▸ **What you have to do**:
The records shown below are to be repeated exactly and completely.

Crawled caption data:
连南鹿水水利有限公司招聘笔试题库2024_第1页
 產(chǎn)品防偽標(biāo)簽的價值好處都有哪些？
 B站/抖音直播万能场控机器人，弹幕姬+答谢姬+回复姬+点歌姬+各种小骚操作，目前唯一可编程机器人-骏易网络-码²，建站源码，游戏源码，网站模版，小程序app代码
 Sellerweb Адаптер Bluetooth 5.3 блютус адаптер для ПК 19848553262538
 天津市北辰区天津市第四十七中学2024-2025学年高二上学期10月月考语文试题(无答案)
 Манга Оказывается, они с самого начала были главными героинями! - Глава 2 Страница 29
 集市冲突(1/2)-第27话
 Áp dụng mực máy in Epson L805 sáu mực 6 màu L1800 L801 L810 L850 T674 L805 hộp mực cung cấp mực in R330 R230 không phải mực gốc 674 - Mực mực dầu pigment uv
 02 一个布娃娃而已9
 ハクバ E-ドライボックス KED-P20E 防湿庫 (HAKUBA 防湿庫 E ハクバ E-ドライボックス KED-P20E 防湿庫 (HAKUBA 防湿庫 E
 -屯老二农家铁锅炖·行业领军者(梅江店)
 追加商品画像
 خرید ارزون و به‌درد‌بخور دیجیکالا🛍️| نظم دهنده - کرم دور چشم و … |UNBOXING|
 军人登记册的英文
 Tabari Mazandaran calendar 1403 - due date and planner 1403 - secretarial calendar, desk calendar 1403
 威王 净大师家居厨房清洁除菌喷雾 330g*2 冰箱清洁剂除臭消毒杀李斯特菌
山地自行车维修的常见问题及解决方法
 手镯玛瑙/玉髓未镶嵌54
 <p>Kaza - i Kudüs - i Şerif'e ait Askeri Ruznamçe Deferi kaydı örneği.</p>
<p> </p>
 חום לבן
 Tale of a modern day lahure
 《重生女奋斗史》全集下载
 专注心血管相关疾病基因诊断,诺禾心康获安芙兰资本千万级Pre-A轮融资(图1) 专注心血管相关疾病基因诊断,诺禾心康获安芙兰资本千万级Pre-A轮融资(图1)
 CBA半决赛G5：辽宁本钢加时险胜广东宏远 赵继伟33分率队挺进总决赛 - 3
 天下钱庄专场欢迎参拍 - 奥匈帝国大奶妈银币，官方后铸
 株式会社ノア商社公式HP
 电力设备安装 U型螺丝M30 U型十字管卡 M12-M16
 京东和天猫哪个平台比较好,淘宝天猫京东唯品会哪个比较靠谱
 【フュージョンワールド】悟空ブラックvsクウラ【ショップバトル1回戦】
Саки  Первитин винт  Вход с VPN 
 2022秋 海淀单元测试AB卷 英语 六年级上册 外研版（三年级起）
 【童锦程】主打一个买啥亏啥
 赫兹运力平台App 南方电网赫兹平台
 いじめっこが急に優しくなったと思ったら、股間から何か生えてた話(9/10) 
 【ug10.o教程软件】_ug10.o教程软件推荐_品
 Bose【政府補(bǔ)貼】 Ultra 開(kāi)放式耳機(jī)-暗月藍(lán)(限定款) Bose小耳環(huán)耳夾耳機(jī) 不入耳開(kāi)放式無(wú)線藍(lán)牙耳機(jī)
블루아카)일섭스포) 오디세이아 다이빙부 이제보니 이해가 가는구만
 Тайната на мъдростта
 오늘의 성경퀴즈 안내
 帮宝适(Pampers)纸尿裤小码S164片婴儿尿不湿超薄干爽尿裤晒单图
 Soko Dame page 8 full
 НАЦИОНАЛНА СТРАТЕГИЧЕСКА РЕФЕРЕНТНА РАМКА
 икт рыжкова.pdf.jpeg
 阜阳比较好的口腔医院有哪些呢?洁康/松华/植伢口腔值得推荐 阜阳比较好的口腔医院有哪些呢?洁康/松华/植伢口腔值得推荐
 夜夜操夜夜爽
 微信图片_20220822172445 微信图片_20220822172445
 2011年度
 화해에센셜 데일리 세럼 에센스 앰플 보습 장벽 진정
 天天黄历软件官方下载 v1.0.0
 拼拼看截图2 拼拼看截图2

▸ **Exercise output**:
连南鹿水水利有限公司招聘笔试题库2024_第1页
 產(chǎn)品防偽標(biāo)簽的價值好處都有哪些？
 B站/抖音直播万能场控机器人，弹幕姬+答谢姬+回复姬+点歌姬+各种小骚操作，目前唯一可编程机器人-骏易网络-码²，建站源码，游戏源码，网站模版，小程序app代码
 Sellerweb Адаптер Bluetooth 5.3 блютус адаптер для ПК 19848553262538
 天津市北辰区天津市第四十七中学2024-2025学年高二上学期10月月考语文试题(无答案)
 Манга Оказывается, они с самого начала были главными героинями! - Глава 2 Страница 29
 集市冲突(1/2)-第27话
 Áp dụng mực máy in Epson L805 sáu mực 6 màu L1800 L801 L810 L850 T674 L805 hộp mực cung cấp mực in R330 R230 không phải mực gốc 674 - Mực mực dầu pigment uv
 02 一个布娃娃而已9
 ハクバ E-ドライボックス KED-P20E 防湿庫 (HAKUBA 防湿庫 E ハクバ E-ドライボックス KED-P20E 防湿庫 (HAKUBA 防湿庫 E
 -屯老二农家铁锅炖·行业领军者(梅江店)
 追加商品画像
 خرید ارزون و به‌درد‌بخور دیجیکالا🛍️| نظم دهنده - کرم دور چشم و … |UNBOXING|
 军人登记册的英文
 Tabari Mazandaran calendar 1403 - due date and planner 1403 - secretarial calendar, desk calendar 1403
 威王 净大师家居厨房清洁除菌喷雾 330g*2 冰箱清洁剂除臭消毒杀李斯特菌
山地自行车维修的常见问题及解决方法
 手镯玛瑙/玉髓未镶嵌54
 <p>Kaza - i Kudüs - i Şerif'e ait Askeri Ruznamçe Deferi kaydı örneği.</p>
<p> </p>
 חום לבן
 Tale of a modern day lahure
 《重生女奋斗史》全集下载
 专注心血管相关疾病基因诊断,诺禾心康获安芙兰资本千万级Pre-A轮融资(图1) 专注心血管相关疾病基因诊断,诺禾心康获安芙兰资本千万级Pre-A轮融资(图1)
 CBA半决赛G5：辽宁本钢加时险胜广东宏远 赵继伟33分率队挺进总决赛 - 3
 天下钱庄专场欢迎参拍 - 奥匈帝国大奶妈银币，官方后铸
 株式会社ノア商社公式HP
 电力设备安装 U型螺丝M30 U型十字管卡 M12-M16
 京东和天猫哪个平台比较好,淘宝天猫京东唯品会哪个比较靠谱
 【フュージョンワールド】悟空ブラックvsクウラ【ショップバトル1回戦】
Саки  Первитин винт  Вход с VPN 
 2022秋 海淀单元测试AB卷 英语 六年级上册 外研版（三年级起）
 【童锦程】主打一个买啥亏啥
 赫兹运力平台App 南方电网赫兹平台
 いじめっこが急に優しくなったと思ったら、股間から何か生えてた話(9/10) 
 【ug10.o教程软件】_ug10.o教程软件推荐_品
 Bose【政府補(bǔ)貼】 Ultra 開(kāi)放式耳機(jī)-暗月藍(lán)(限定款) Bose小耳環(huán)耳夾耳機(jī) 不入耳開(kāi)放式無(wú)線藍(lán)牙耳機(jī)
블루아카)일섭스포) 오디세이아 다이빙부 이제보니 이해가 가는구만
 Тайната на мъдростта
 오늘의 성경퀴즈 안내
 帮宝适(Pampers)纸尿裤小码S164片婴儿尿不湿超薄干爽尿裤晒单图
 Soko Dame page 8 full
 НАЦИОНАЛНА СТРАТЕГИЧЕСКА РЕФЕРЕНТНА РАМКА
 икт рыжкова.pdf.jpeg
 阜阳比较好的口腔医院有哪些呢?洁康/松华/植伢口腔值得推荐 阜阳比较好的口腔医院有哪些呢?洁康/松华/植伢口腔值得推荐
 夜夜操夜夜爽
 微信图片_20220822172445 微信图片_20220822172445
 2011年度
 화해에센셜 데일리 세럼 에센스 앰플 보습 장벽 진정
 天天黄历软件官方下载 v1.0.0
 拼拼看截图2 拼拼看截图2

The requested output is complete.